Family law disputes present particularly difficult challenges. In the courthouse, a divorce, child custody case, or child support dispute follows most of the same forms as other lawsuits, but emotions tend to run much higher. A divorce, after all, marks the end of a marriage, among other family upheavals. Heartbreak is unavoidable. Feelings of anger or betrayal are common. Part of a family lawyer’s job is to guide clients through the legal process while keeping an eye on the emotional side of things. Too much negative emotion can slow a case down, making it harder to find a resolution, or even making it take longer to get a case to trial. That helps nobody in the long run. Luckily, there are alternatives to going to court in a Minnesota family law case.
Television and movies make courtroom trials look exciting, dramatic, and even glamorous at times. They are almost never any of those things. Family law cases can have drama, but not the glamorous kind. Judges do not want drama in their courtrooms. Minnesota therefore requires parties in family law cases to try alternative dispute resolution (ADR) before dragging one another to court.

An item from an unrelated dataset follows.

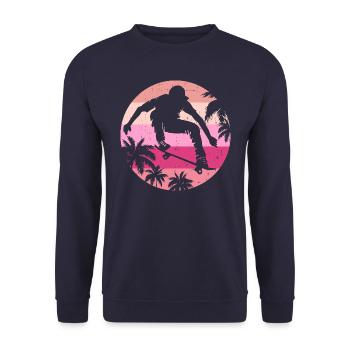 Skater Skateboard - Sweat-shirt Unisexe - marine - Devant - Alina (178cm) & Michal (187cm)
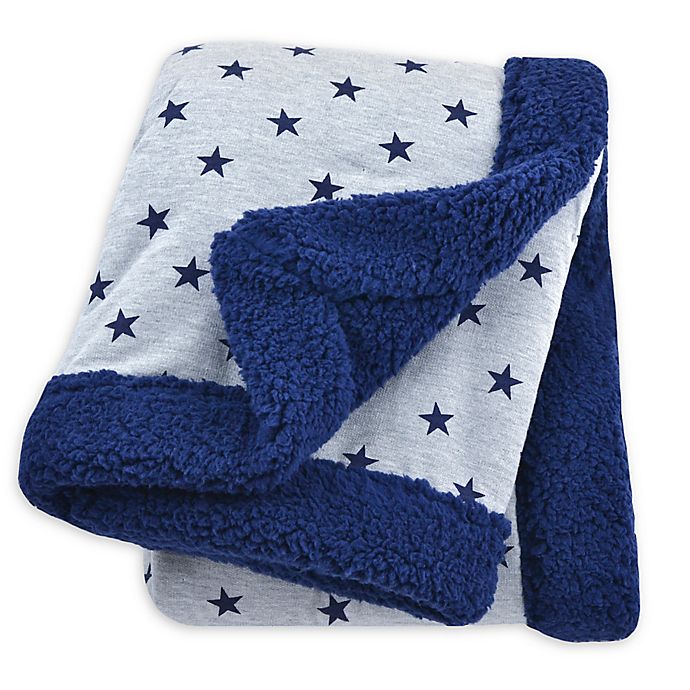 Just Born® Plush Star Blanket in Navy/Heather Grey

Taking a case to trial is a long, slow, expensive process. Very few lawsuits ever actually go to trial. The vast majority end in a settlement of some sort. It is usually something that makes nobody particularly happy, but which is less time-consuming and less expensive than continuing to pursue the case. Family law cases are no different.
A divorce case begins with a petition filed in the county where the couple resides. If the spouses agree on all of the issues involved in the divorce — which really does happen sometimes —they can file a joint divorce petition. Otherwise, the lengthy litigation process begins.
What happens once a divorce has been filed depends on a wide range of factors, starting with whether the parties have children and how much property must be divided. Each party must determine what they want out of the divorce. If the case goes to trial, which might not be for a long time, they must be able to articulate what they want to the judge. Jury trials are not available in Minnesota divorce cases. Instead, the parties present their cases to a judge, who might not issue a decision for months after the trial. In all, the process can take months or years to complete.
The best-case scenario in a family law case is that the parties and their attorneys hammer out a settlement on their own. If that does not work, Minnesota requires litigants to attempt ADR before the case can go to trial. Rule 114.02 of the Minnesota General Rules of Practice defines numerous forms of ADR, some of which work better than others in family law disputes.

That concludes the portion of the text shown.